I must admit I still haven't read Gulliver proper, just the (presumably very bowlderized) edition for kids I was given as a child. But I just thought of another 18th century author from the early part of said century whose most famous work you may have read (also in edited for kids version) - Daniel Defoe, i.e. Robinson Crusoe. (I did read the edited for kids Robinson as a child as well. But! I also tackled Moll Flanders as an adult. And I've been meaning to get around to his Plague journal. Also, I just found out as a young man he was a follower of Jemmy's and participated in that doomed attempt to topple James II and make Jemmy King, escaping to France just in time.
Re: Literary Chat
Date: 2024-01-06 11:34 am (UTC)I have a memory of tackling the actual Gulliver's Travels too at the same age, but either I'm misremembering or else it was way over my head--there were a lot of books I "read" beginning to end, but didn't exactly get a lot out of them. I read above my reading level a lot.
Re: Literary Chat
Date: 2024-01-07 10:08 pm (UTC)I also did notice a lot of Defoe in my Norton! We did not read any Defoe in class (my teacher really doesn't seem to have been super fond of the 18th century, or maybe it's that the 18th C entries are mostly prose and he preferred poetry -- most of what I remember reading from that class is poetry, although obviously there were exceptions like Swift), but I am pretty sure I a kids version of Robinson Crusoe way back when which I remember very little about.

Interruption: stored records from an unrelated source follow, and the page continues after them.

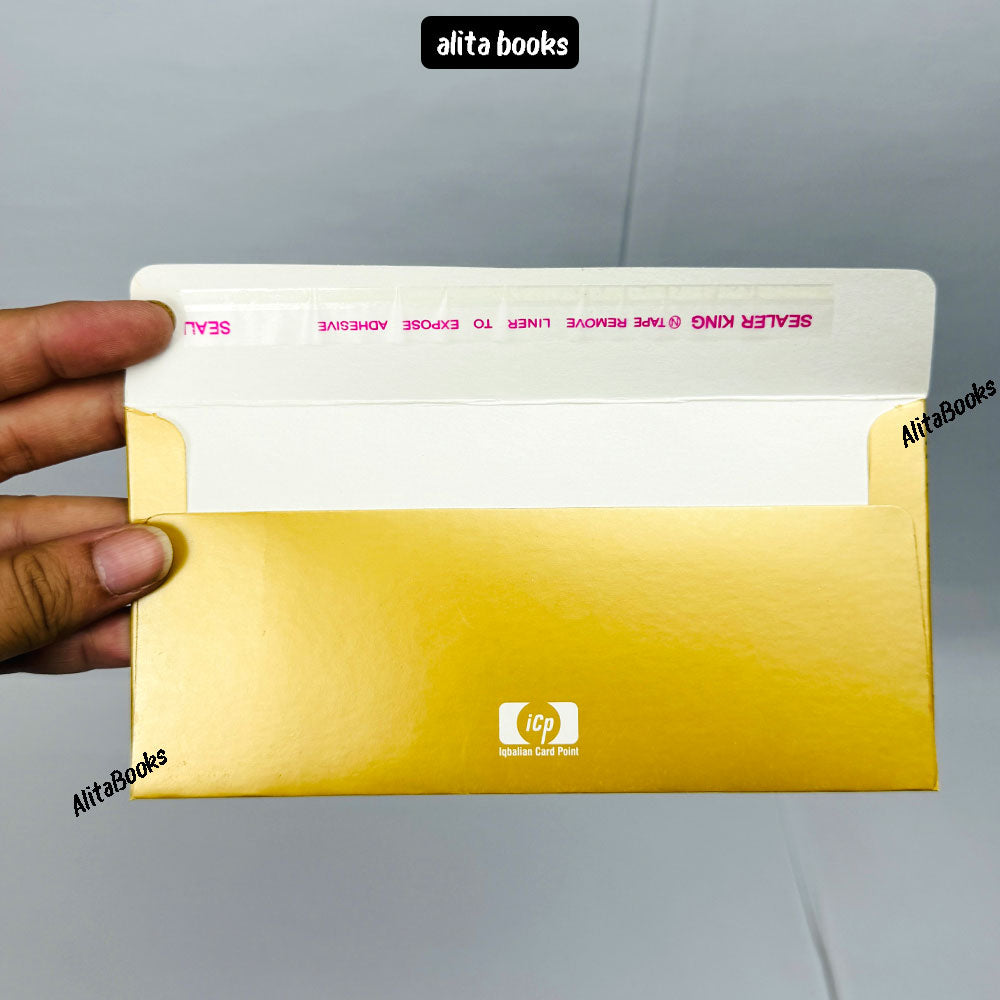 Pack of 6 - Gold Envelopes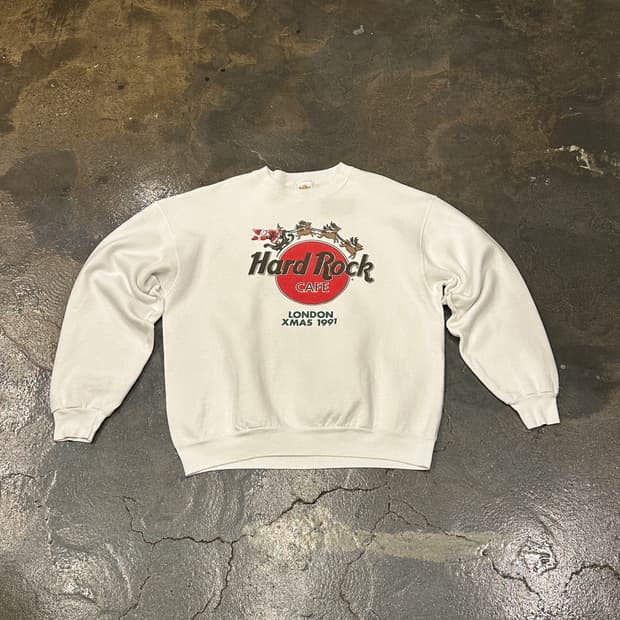 90s Hard Rock Cafe 하드락 런던 Xmas 스웻셔츠 L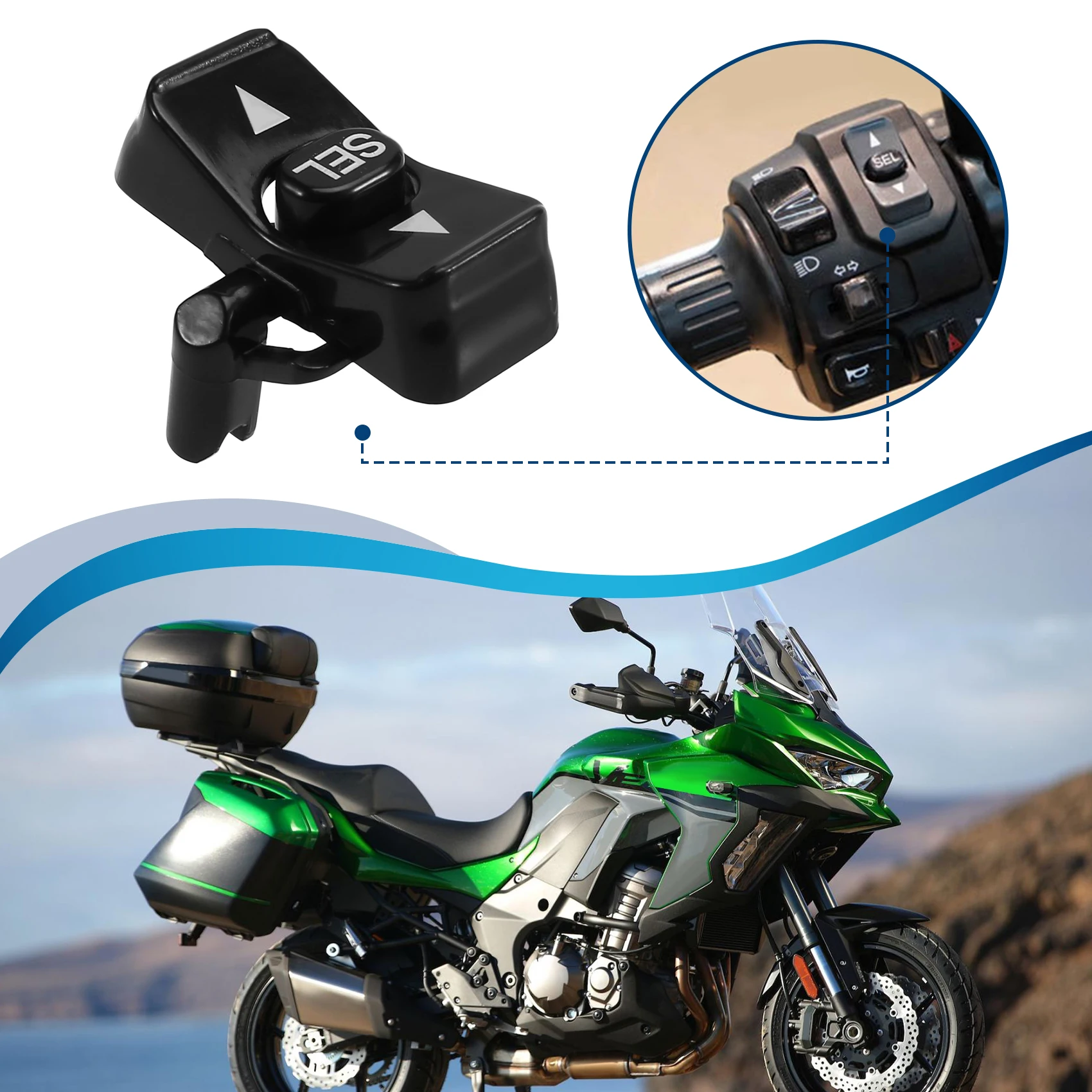 Better-Left Combination Switch Button For Kawasaki Z900 ZX-4RR Versys 650 1000 2020-2022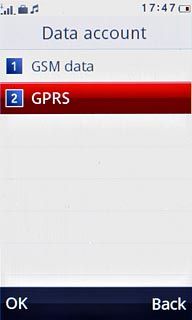 Press GPRS.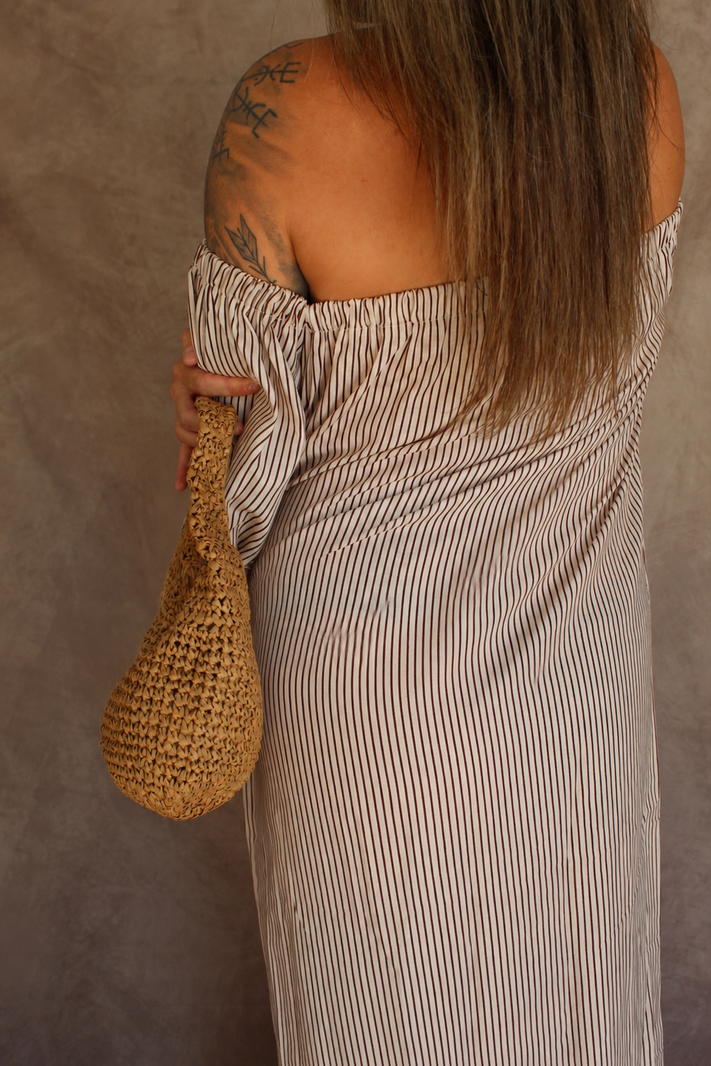 Bohemian Off-Shoulder Lantern Dress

Totally random: I'm also remembering that year we had a take-home essay test (we were given something like 3 days to complete it, but could work on it anytime within those three days) where we had to cast Hamlet with the writers we were studying, and I cast Swift as Prince Hamlet. (Definitely the best essay prompt I got in high school!) I don't remember any of my other casting, or even what centuries we had to work with -- I may have to go see if I still have that test somewhere.
Re: Lehndorff AU!
Date: 2024-01-04 03:18 pm (UTC)Sorry,
ETA: [personal profile] selenak's other post made me remember that we did do a lot of William Blake, at least some of which was in the (very late) 18th C. But of course he is considered a Romantic :)
Right, Blake, I think we did at least one Blake poem! Like I said, we did various short poems, and if we did something 18th century and it didn't stick in my brain, then I have no way of remembering we did it. Blake is ringing a faint bell. I had mentally classed him as 19th century, though--my brain tends to do that with anyone who fits in a category that I think of as 19th century.
I don't have my anthology textbook, nor even remember what it was called or who the publisher was, so I have no way of checking what Blake poem it was. It may have been "Tyger, Tyger", or I may just know that one from osmosis.